1.2. Délimitation du texte

Le découpage de cette péricope est très clair. Au v. 10, le déplacement du héros marque le début du récit, qui se termine, au v. 21-22, par le voeu de Jacob. Au v. 1 du chapitre 29, un autre récit commence avec un nouveau déplacement de Jacob. 

Rappel méthodologique concernant la nécessité de délimiter clairement le texte que l'on étudie.

Si, dans ce texte, la délimitation de la péricope que l'on veut étudier ne pose pas de problème, ce n'est pas forcément le cas partout. En effet, il ne faut pas oublier que la division du texte biblique en chapitres ne fait pas partie du texte original, et qu'elle représente déjà un premier effort d'interprétation.
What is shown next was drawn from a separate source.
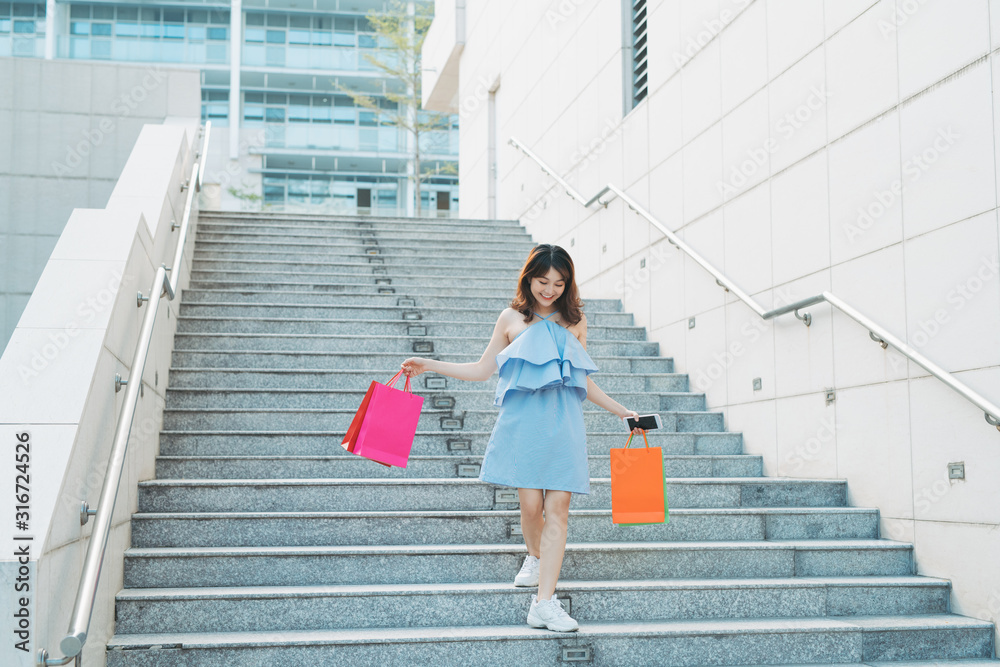 现代亚洲女孩下楼拿着购物袋。购物狂的概念。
Car dans certains cas, la manière dont on découpe le texte peut éclairer d'une autre façon le récit que l'on veut étudier.
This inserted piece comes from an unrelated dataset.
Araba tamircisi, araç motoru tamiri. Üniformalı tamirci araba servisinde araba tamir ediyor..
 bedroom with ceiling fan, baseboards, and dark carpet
Les principaux indicateurs qui permettent le découpage du texte sont les suivants :

1.3. Structure du texte

Ce récit peut être décomposé en trois parties :

2. Genre littéraire

Rappel méthodologique concernant l'étude du genre littéraire.

L'étude du genre littéraire vise à dégager dans un texte les éléments de forme qui sont connus également d'autres auteurs vétérotestamentaires, ou de littératures d'autres peuples. Cette méthode consiste à étudier la langue, le style, les procédés utilisés par l'auteur, puis à chercher des structures ou des formulations parallèles chez d'autres auteurs. 
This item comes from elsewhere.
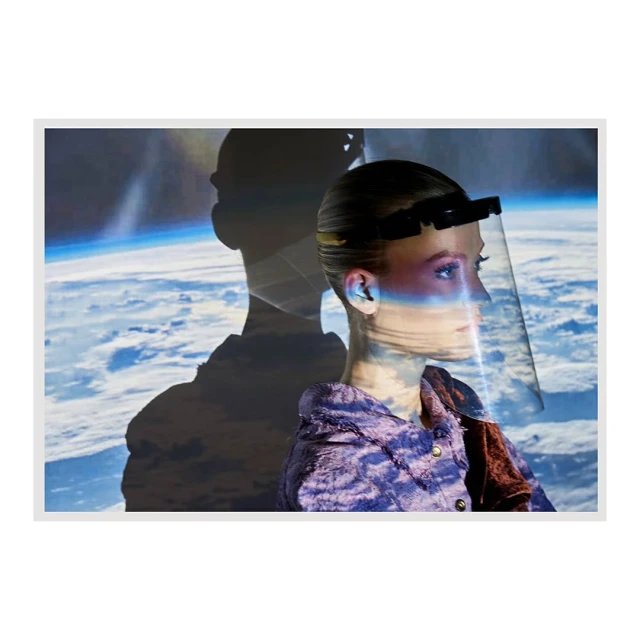 Woman with face shield stands in front of Earth projection, wearing a lavender textured jacket with a brown velvet lapel in a studio.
Ce travail permet ensuite la recherche du Sitz im Leben, c'est-à-dire du contexte dans lequel le texte a pu naître, de la situation historique et sociale de la communauté dans laquelle l'auteur a écrit. 

Un courant très large de l'exégèse, depuis H. Gunkel (1901) jusqu'à G. Fohrer et O.H. Steck a accrédité l'idée que Gn 28 est une légende cultuelle, c'est-à-dire un récit qui raconte les origines d'un lieu de culte, d'un rite ou d'une coutume, ainsi que la manière dont ce lieu a été découvert et les raisons de sa sainteté.

Le texte contient effectivement quelques éléments qui pourraient en faire un récit fondateur d'un lieu sacré. 

Question 1 :

Essayez de repérer quelques-uns de ces éléments dans le texte.
Vers la solution

Toutefois, si ces éléments vont effectivement dans le sens d'une légende cultuelle, il est aussi possible d'observer d'autres éléments qui font de ce récit plus qu'une simple légende cultuelle, en lui donnant une fonction importante à l'intérieur même de l'histoire de Jacob. 

D'une part, la promesse, aux v. 13-15, montre que l'auteur est préoccupé par le sort de son héros, et pas tellement par les questions cultuelles. Alors que Jacob est en danger, Dieu lui assure sa protection (v. 15) jusqu'à ce qu'il revienne en ce lieu. 

D'autre part, la terre que Dieu promet de donner à Jacob et à ses descendants au v. 13b n'est pas juste le lieu précis où il se trouve, mais pour le moins tout le territoire environnant. Cela est encore plus explicite au v. 14, qui parle d'une expansion des descendants vers les quatre points cardinaux, et qui semble donc envisager une extension des descendants de Jacob à tout le pays. 

Avant d'être une légende cultuelle, ce texte est donc plutôt un récit de rencontre divine, qui a sa place dans l'histoire de Jacob plus que dans l'institution d'un lieu de culte. 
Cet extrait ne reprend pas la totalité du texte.